Both the intended use and existing data sources influence spatial representations in a GIS. When designing a GIS database, users have a set of applications in mind. They understand what questions will be asked of the GIS. Defining these uses helps to determine the content specification for each theme and how each is to be represented geographically. For example, there are numerous alternatives for representing surface elevation: as contour lines and spot height locations (such as hilltops, peaks), as a continuous terrain surface (a TIN), or as shaded relief. Any or all of these may be relevant for each particular GIS database design. The intended uses of the data will help to determine which of these representations will be required.
Frequently, the geographic representations will be predetermined to some degree by the available data sources for the theme. If a preexisting data source was collected at a particular scale and representation, it will often be necessary to adapt your design to use it.
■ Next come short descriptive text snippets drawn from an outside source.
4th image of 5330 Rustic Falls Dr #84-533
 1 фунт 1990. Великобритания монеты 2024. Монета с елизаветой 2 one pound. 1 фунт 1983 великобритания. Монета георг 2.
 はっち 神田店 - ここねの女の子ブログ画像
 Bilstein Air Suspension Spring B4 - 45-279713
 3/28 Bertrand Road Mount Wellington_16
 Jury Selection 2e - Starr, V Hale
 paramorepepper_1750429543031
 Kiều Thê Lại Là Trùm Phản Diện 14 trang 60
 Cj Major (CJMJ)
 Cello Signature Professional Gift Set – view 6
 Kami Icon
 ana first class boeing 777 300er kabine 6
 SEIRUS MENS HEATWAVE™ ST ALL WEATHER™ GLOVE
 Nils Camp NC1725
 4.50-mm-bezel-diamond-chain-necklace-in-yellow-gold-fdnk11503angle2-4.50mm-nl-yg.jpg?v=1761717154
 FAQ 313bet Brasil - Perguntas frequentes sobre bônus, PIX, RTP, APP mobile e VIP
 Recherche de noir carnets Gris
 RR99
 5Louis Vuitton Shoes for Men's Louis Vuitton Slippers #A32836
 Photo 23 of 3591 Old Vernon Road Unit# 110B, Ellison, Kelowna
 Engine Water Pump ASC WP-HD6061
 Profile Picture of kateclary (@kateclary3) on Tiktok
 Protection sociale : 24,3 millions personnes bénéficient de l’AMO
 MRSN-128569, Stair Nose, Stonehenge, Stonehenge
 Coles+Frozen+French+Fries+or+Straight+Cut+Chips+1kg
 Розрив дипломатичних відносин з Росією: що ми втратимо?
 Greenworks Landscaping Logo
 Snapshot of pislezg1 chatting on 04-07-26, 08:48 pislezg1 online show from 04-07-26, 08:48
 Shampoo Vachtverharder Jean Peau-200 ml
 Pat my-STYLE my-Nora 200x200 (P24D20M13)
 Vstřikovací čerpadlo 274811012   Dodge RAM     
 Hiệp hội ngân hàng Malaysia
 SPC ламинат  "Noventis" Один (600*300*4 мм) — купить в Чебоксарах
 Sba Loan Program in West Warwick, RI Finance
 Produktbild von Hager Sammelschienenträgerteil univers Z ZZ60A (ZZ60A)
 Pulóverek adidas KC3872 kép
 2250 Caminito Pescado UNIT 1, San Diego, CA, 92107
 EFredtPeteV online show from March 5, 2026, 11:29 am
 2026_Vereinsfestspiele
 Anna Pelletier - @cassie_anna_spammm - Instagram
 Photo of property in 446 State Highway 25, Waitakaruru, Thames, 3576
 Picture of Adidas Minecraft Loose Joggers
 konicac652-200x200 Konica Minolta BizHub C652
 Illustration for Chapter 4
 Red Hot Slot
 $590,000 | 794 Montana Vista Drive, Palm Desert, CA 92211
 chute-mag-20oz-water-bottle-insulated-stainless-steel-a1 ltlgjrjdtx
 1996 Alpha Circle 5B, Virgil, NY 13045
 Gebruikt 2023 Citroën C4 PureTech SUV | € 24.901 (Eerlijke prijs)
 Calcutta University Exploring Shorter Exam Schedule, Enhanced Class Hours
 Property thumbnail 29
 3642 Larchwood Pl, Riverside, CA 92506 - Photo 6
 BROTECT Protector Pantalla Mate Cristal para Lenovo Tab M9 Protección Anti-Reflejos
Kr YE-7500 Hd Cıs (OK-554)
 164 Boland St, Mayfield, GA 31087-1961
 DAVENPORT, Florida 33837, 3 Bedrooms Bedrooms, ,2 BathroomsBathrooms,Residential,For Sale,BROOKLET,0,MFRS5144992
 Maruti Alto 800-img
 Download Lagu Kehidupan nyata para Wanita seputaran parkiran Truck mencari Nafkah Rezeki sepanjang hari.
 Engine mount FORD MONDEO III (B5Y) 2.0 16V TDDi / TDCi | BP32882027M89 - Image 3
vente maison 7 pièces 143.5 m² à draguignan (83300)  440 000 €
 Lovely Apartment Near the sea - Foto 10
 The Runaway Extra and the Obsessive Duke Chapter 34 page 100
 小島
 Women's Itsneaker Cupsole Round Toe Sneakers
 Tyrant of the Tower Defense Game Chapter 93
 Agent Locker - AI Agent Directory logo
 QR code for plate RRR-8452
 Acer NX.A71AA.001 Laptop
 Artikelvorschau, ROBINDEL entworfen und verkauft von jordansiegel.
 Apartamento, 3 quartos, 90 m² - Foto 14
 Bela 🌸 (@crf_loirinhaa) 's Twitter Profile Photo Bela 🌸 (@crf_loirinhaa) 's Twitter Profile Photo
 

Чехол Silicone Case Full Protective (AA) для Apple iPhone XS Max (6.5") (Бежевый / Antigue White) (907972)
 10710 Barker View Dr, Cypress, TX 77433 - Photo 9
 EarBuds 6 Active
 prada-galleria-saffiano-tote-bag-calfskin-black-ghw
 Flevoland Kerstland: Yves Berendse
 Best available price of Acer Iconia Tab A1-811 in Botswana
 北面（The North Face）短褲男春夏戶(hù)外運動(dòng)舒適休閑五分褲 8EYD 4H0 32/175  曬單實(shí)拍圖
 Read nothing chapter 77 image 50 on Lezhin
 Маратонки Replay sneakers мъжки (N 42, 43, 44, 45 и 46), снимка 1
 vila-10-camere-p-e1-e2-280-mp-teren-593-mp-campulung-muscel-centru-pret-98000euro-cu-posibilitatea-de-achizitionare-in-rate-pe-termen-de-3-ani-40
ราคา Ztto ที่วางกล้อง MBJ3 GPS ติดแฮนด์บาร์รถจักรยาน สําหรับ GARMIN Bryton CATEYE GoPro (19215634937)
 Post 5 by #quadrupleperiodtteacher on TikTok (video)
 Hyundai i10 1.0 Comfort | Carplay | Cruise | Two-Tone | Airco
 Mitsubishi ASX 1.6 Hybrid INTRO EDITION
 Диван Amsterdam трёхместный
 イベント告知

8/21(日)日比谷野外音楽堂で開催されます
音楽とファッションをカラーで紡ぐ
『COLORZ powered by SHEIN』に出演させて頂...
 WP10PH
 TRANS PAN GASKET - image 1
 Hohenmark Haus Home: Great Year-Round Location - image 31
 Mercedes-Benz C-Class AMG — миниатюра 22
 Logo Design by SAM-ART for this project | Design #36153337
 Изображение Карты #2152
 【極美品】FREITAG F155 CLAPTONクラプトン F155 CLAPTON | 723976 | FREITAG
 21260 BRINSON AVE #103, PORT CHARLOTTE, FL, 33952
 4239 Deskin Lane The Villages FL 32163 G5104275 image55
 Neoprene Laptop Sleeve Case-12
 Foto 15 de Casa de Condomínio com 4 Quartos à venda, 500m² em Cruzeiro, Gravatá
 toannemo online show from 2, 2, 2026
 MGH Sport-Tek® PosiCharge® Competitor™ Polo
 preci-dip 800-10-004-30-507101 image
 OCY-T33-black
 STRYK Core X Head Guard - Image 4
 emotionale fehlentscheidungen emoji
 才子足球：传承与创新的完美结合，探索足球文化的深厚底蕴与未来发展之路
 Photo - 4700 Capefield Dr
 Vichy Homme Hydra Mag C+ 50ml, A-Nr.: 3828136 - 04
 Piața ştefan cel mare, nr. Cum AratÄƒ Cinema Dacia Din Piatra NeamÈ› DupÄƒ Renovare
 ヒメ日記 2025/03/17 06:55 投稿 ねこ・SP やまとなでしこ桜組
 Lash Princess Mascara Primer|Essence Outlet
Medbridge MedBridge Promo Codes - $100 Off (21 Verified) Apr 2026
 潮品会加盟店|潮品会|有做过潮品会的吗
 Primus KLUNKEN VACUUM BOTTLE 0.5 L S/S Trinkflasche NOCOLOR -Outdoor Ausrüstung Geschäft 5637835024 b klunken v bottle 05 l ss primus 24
Individual GIS datasets often are collected in concert with other data layers
While each GIS dataset can be used independently of other GIS data, it is often quite important to collect datasets in concert with other information layers so that the fundamental spatial behavior and spatial relationships are maintained and consistent between the related GIS data layers. Here are a few examples that help to illustrate this concept:
- Hydrologic information about watersheds and drainage basins should be collected in unison with the drainage network. Drainage lines should fit within the basins. All these layers should fit into the surface representation of the terrain.
- Various data layers in a parcel fabric should be collected in concert with other cadastral layers and with underlying survey information so that parcel features fit into the survey control framework. Numerous other feature sets, such as rights-of-way, easements, and zoning classes, are compiled so that they fit onto the parcel fabric.
- The spatial relationships between elevation, landform, soil type, slope, vegetation, surficial geology, and other terrain properties are typically compiled in unison to characterize environmental resource units. Understanding the science behind these spatial relationships helps to build a consistent, logical database where features from each data layer are consistent with each other.
- Topographic basemap information is compiled in an integrated manner. Hydrography, transportation, structures, administrative boundaries, and other topographic map layers are compiled in unison. These cartographic representations in the map display are built in an integrated manner to communicate clearly and accurately and draw attention to key map locations.
In each of these cases, a data model defines a collection of related data themes that fit into an overall information framework. Each framework is essentially a collection of related data themes that are best captured in unison with each other. The data capture guidelines follow sound scientific principles about their spatial behavior and relationships. Each theme plays an important part in the holistic characterization of a particular landscape. For example:
- Terrain landscape. Topographic maps, elevation, drainage network, transportation network, map features, cross-country movement, and so forth
- Urban landscape. Buildings, critical infrastructure, and so forth
- Imagery landscape. Satellite and aerial, local, regional, and national assets, and so forth
- Human landscape. Demographics (population characteristics), cultural centers, citizens, administrative districts and zones and so forth
- Workforce landscape. Mobile workforce tracking, service centers, traffic conditions, warehouses, and so forth
- Sensor landscape. Camera locations, devices, and so forth
- Operations and plans landscape. Zones of control, planned movements, response, and so forth
This concept of collecting integrated data themes in unison is one of the key design principles used in each of the ArcGIS Data Models.